The average price of regular gas in the US has officially passed $4 a gallon.  Here in DC, I haven’t paid that yet, but may the next time I have to fill up.

Gallop polled people about the cost of gas last month, and a majority said they thought gas would hit $6 a gallon within the next 5 years, but only 19 percent thought it would hit $10 a gallon within that time period.  My personal guess is that it’s likely to hit $6 or $7 in the next year or so, as part of a speculative bubble, but then fall back to the $3-$4 range.  But that’s just a guess.  I’m pretty confident that gas-powered cars will still be around when my boys hit driving age, unlike the author of an essay I read recently.

My car needed some not-insignificant repairs to pass its inspection this month, so I spent some time crunching the numbers to see if it made sense to replace it with a hybrid.  The answer is no, at least not for economic reasons — I drive less than 8,000 miles a year, and even if I doubled the fuel economy, I just wouldn’t save that much money.  At the very minimum, it makes sense to hold out a couple of years so I can get a next-generation hybrid, which are supposed to have much higher fuel economy.

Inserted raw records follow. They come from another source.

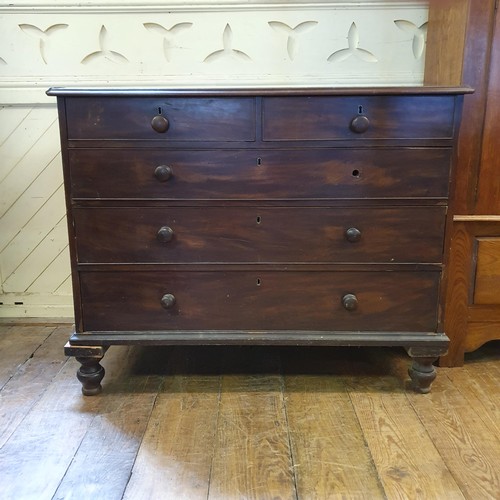 527 - A mahogany chest, having two short and three long drawers, 117 cm wide, and a mahogany bow front che... 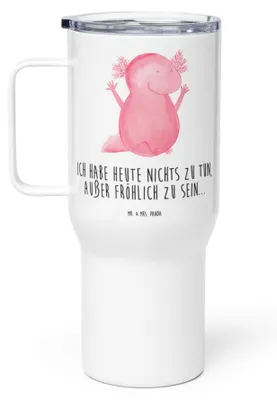 Produktbild von Mr. & Mrs. Panda Kaffee-to-go-Becher Axolotl Hurra - Weiß - Geschenk, Teetasse, thermosbecher, Motivation, Fröhlich, Thermobecher, Kaffee-Thermobecher, Trinkgefäß, Lurch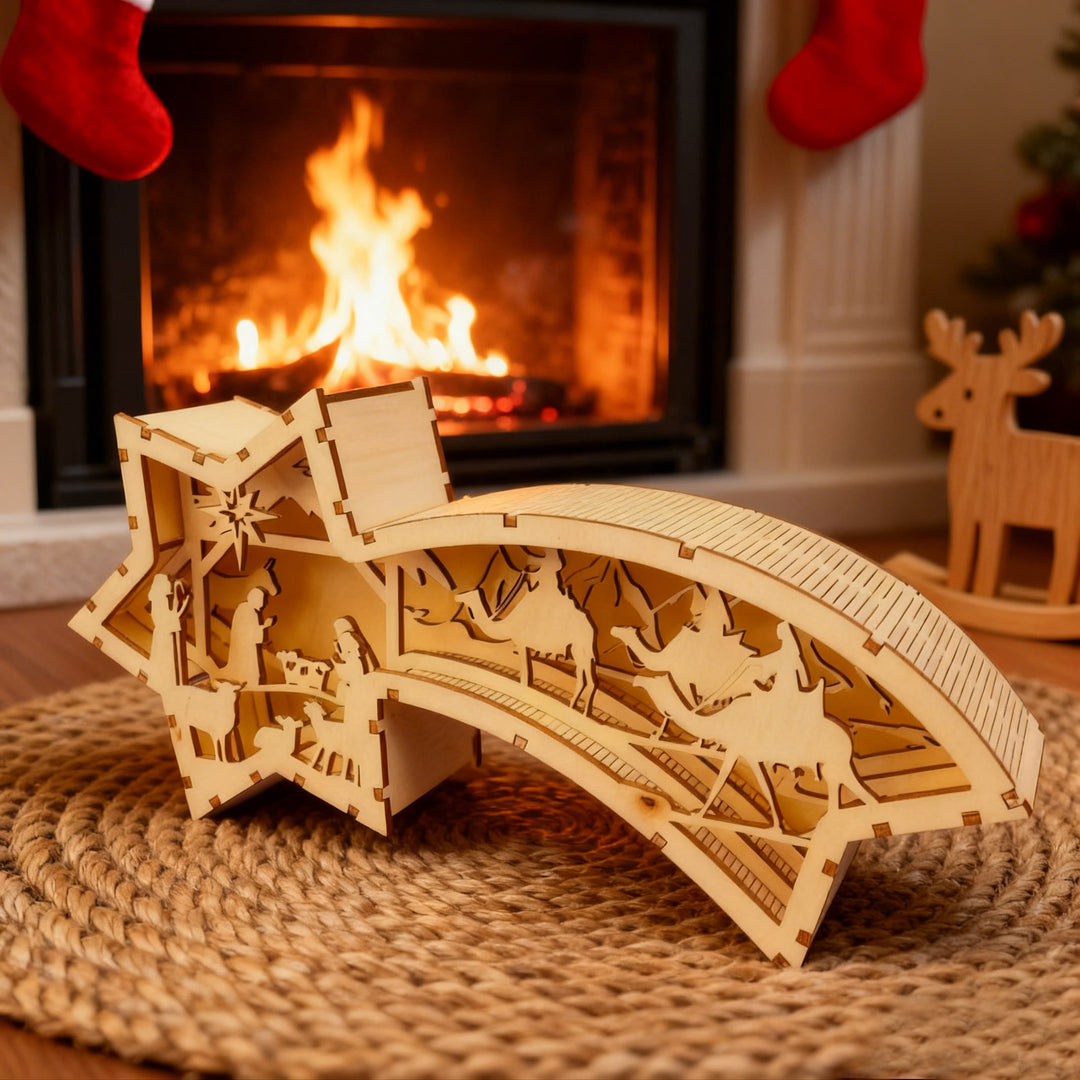 Christianartworkshop Crèche en bois en forme d'étoile : récit sacré et dévotion artistique - image 6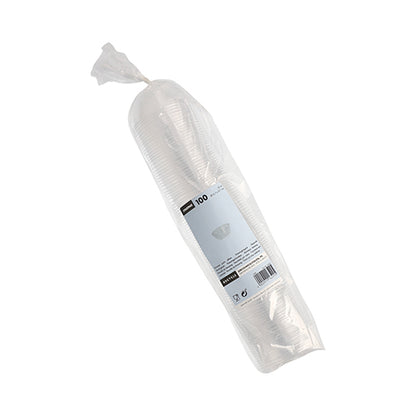 Μια σφραγισμένη πλαστική συσκευασία με 100 διαφανή Starpak Dressingschalen, PS, στρογγυλά, 50 ml (Ø 6,7 cm x 2,7 cm), στοιβαγμένα με μια λευκο-μπλε ετικέτα – ιδανικά για χρήση στη γαστρονομία ή ως δοχείο dressing.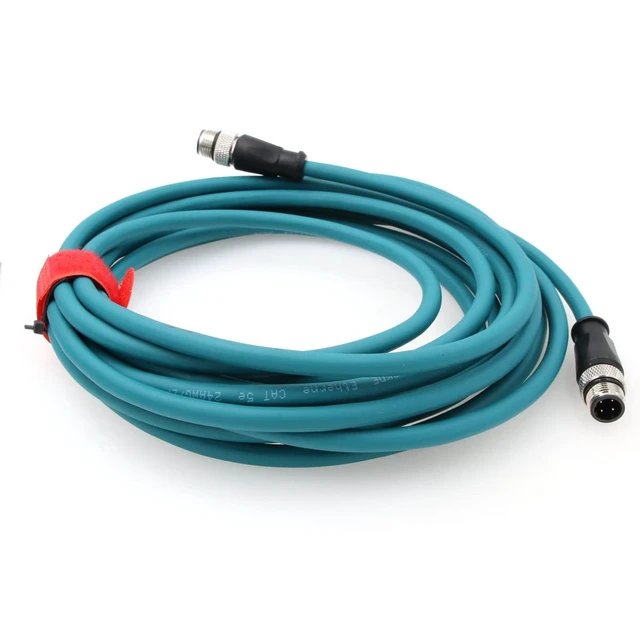 Alt view image 4 of 4 - M12 4Pin D-Code Male to D-Code Male Extension Ethernet Shielded Cat5 Cable (10M, Blue)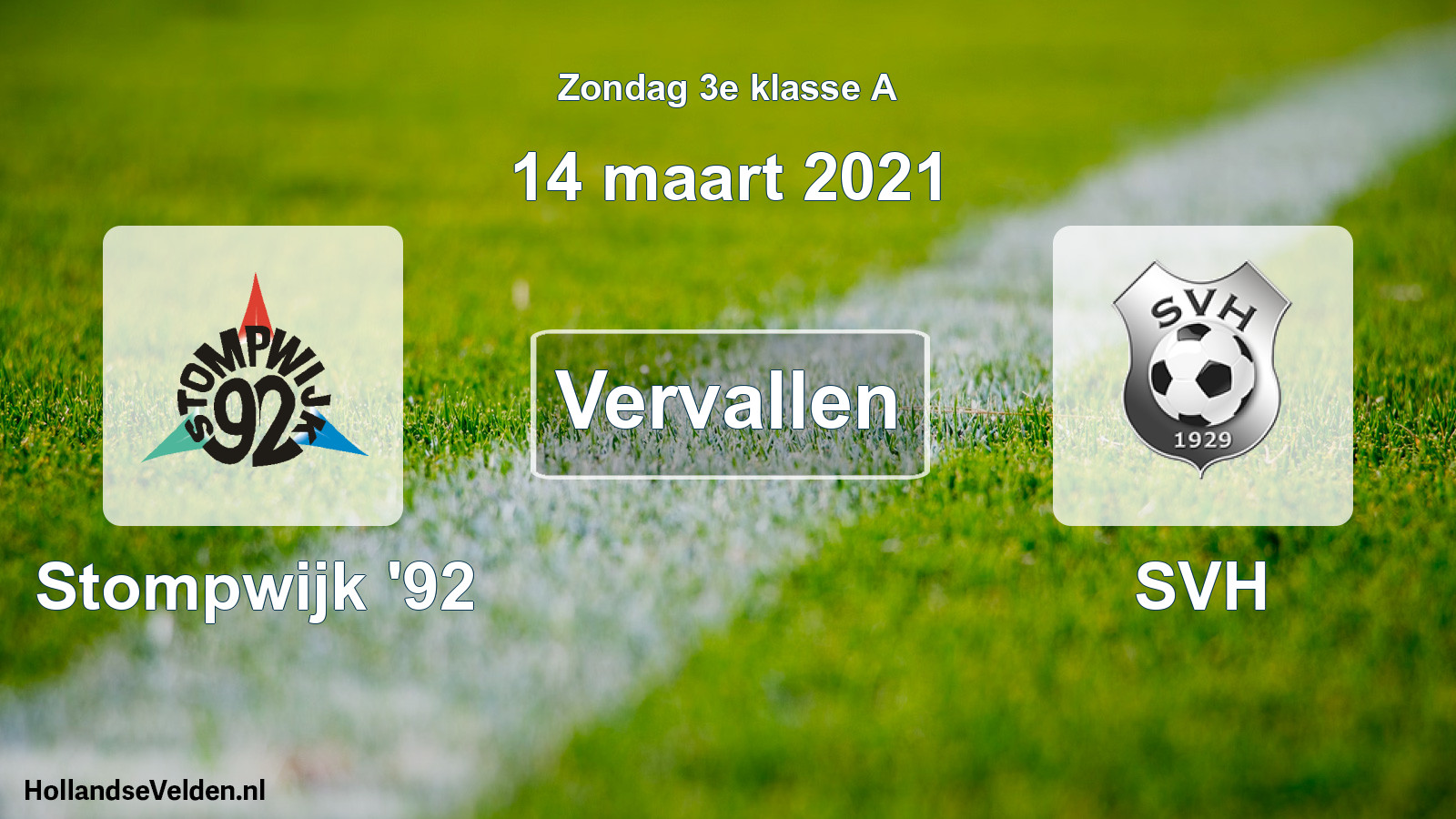 Scheduled Match: Stompwijk '92 - SVH (14 March 2021)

(I also read an article that suggested that a plug-in hybrid could be used as a backup power source.  Given the unreliability of power in our neighborhood, that would be a killer app for me.)

9 Responses to “Gas prices”

  1. dave.s. Says:

    I’m expecting very substantial devaluation of the dollar, so the price we see for petroleum products will go up a lot. Euro area, you may be right about the price future, for us, not so much. I don’t see a lot of increase in oil pumped out of the ground in the future, and BRIC demand for petroleum will go nowhere but up, so we will be competing for a same-size or shrinking amount of petroleum. That ‘s not a recipe for price declines, it suggests being colder in the winter, travelling less, extinction of Hummers (yes!) and much less mobility for poor people.
    Substitution: there are several things being worked on for fuel substitutes: algal biodiesel, liquid fuels from thermal decomposition of waste/plant products. Liquid fuels from coal. Electric cars. Compressed-air cars. We may well reserve petroleum for long-haul trips, use electric-powered jitneys to take the kids to school.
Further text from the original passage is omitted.